GC> Everything else is just lingo.

 I.e., by this definition, "lingo" items are those that can (and maybe do)
vary across the axes.

GC> > GC>  - look up those strings by new '.database' keys, which can vary by 
multiple axes
GC> > 
GC> >  This makes sense, but I still don't see why is the extra level of
GC> > indirection needed in the first place, i.e. why can't we just put the
GC> > values in .lingo files directly into the .database files instead of using
GC> > the keys for them there.
GC> 
GC> Maybe tomorrow I'll be able to figure out what std::variant is.

 Sorry, perhaps I should have started by explaining it. Let me try to do
it, very briefly, now: while std::variant is more complicated and has some
special quirks, it's still basically the same thing as the plain old
"union" in C. The only (but significant) difference is that it's type-safe,
i.e. you can't store a double in it and then get back an int -- neither
accidentally nor even intentionally.

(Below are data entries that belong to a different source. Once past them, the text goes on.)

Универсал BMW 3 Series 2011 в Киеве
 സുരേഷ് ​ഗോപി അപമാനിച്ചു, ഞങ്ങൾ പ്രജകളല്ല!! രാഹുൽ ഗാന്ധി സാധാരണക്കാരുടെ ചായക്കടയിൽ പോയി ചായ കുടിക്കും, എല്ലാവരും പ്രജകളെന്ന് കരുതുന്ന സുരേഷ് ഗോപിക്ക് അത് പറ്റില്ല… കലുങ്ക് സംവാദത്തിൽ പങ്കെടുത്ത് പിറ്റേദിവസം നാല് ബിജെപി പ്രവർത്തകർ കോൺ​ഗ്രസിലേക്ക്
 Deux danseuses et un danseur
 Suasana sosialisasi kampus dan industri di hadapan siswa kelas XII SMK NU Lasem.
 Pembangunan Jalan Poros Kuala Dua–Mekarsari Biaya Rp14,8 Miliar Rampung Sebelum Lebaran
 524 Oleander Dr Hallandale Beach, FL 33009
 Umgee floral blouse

But from high-level point of view,
it's just a union, i.e. you can put value of any of the types it supports
(as specified by its template arguments) into it and then (safely) get this
value back. You can also query it for the type of the value it supports
and, unlike actual unions, std::variant<> is a first class object in C++,
i.e. you can put it into vectors and other standard containers etc.

GC> Unlike std::optional, it's not nullable, so it's not immediately
GC> anathema to me. And it sounds like it's supposed to have almost
GC> no overhead cost, which is good; but in theory the same is true
GC> of a currency class, yet in practice, maybe not true.

 There are costs to using std::variant<>, in particular iterating over a
vector of variants will not be as efficient as iterating over a vector of
doubles. In the absolutely best case, a variant is still bigger than double
because it must be big enough to accommodate the biggest type in it, e.g.
std::string, which is typically 24 bytes, or 3*sizeof(double), so the data
density is 3 times less, meaning that less of it will fit into the cache.
I don't think it's going to be a problem in this case, however, but it
would definitely be worth measuring this.

GC> And it sounds like we'd need a std::visitor to use a std::variant,
GC> which seems like a design shortcoming.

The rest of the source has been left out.